Ciririca é trilha temida e evitada por muitos, alguns veementemente e assumidamente dizem que não tem condições outros veladamente se esquivam usando desculpas politicamente corretas como : o tempo não está ideal, a trilha está molhada, não estou fisicamente muito bem, minha mulher não deixa etc…(entre outras desculpinhas…hehehe) então o fato de fazê-lo num modo mais complicado acabou instigando um bocado.

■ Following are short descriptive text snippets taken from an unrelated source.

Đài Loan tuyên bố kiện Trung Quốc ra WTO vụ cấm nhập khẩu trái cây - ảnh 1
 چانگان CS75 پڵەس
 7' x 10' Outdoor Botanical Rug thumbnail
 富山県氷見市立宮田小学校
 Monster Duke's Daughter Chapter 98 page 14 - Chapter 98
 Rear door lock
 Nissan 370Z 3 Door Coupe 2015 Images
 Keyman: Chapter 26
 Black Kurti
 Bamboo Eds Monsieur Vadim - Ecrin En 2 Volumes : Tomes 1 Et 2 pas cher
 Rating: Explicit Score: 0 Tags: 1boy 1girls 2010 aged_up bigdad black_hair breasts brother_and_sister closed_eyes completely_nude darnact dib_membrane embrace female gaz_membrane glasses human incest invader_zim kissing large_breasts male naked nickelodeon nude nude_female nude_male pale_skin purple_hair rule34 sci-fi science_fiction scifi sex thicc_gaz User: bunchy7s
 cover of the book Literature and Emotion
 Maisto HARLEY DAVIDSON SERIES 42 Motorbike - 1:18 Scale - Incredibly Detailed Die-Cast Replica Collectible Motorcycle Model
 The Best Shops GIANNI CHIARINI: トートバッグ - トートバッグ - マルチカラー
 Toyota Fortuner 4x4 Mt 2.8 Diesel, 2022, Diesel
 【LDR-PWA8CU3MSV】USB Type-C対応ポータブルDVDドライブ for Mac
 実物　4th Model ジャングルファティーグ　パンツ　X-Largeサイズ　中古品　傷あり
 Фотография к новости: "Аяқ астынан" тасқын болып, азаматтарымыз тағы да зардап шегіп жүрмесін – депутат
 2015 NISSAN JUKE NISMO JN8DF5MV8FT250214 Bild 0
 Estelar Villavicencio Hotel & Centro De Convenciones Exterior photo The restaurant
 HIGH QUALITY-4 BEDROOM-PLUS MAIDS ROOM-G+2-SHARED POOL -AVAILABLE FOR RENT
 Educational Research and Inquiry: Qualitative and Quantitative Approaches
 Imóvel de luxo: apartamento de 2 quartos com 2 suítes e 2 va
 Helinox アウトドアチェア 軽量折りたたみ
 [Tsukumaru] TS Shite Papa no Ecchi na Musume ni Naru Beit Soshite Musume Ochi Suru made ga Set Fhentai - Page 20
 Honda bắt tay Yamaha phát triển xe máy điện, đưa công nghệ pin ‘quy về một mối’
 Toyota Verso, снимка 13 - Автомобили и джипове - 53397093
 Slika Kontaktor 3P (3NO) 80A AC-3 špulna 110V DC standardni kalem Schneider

Sei que alguns vão dizer, que fazer de ataque é mais fácil afinal vai sem peso, sem cargueira enganchando no mato fechado etc…não é bem por aí , pois o que parece vantagem na ida, na volta vai tomando forma de bicho sinistro, e aí é que seu psicológico vai fazer toda a diferença , muito mais que seu físico acostumado as exigências da serra. Mas isso é uma opinião pessoal, na verdade deixarei aqui minhas impressões e cada um tome pra si o que achar válido, e decida o que vale mais apena : levar peso mas toda a segurança dos equipamentos à mão em caso de perrengue , ou a leveza do modo de ataque, sem peso porém com todos os riscos batendo na sua cabeça a cada instante e vc pensando: se eu precisar parar não posso, tenho que continuar até o fim….
Mas vamos ao resumo dos fatos:
A ida foi quase que uma curtição , saimos às 4 :30 da fazenda do Bolinha, sem peso, só mochilinha de ataque e animação, os aventureiros ; Sergio Sampaio, Diana Rosa (eu), Diego Zanim, Édio Fachini e Teresinha Tessaro. Não pôde vir a Juliana Mik por questões de trabalho , convidamos o Gera, mas ele já tinha compromisso e, como manda a tradição, o “homem do tempo” sempre faz previsões catastróficas do tempo e terríveis perigos que se aproximam da serra e como bom amigo que é nos adverte da loucura prestes a ser cometida…rsrsrs santa loucura!
Mas vamos ao resumo dos fatos:
O ritmo foi satisfatorio desde o inicio e só começou a clarear após o poço das fadas , quase na cachoeira do professor, e antes disso no cruzo quase que os dois da frente iam parar no Camapuan pois inexplicavelmente viraram à esquerda e não fosse escutarmos as vozes na direção errada sabe Deus até onde iriam sem perceber rsrsrs
Quando chegamos na pedra da Corda já tinha clareado, Serginho sempre leva uma corda de segurança pra não ficar viúvo , mas não foi necessário, todos descemos tranquilamente sem dificuldade com ajuda e incentivo dos que desciam primeiro. Chegamos na Cachoeira do professor às 08:00 , alguns fizeram um lanchinho, Sergio só no Carb up e suco energético, eu na bolachinha e Teresinha num salame e bolachinha de chocolate..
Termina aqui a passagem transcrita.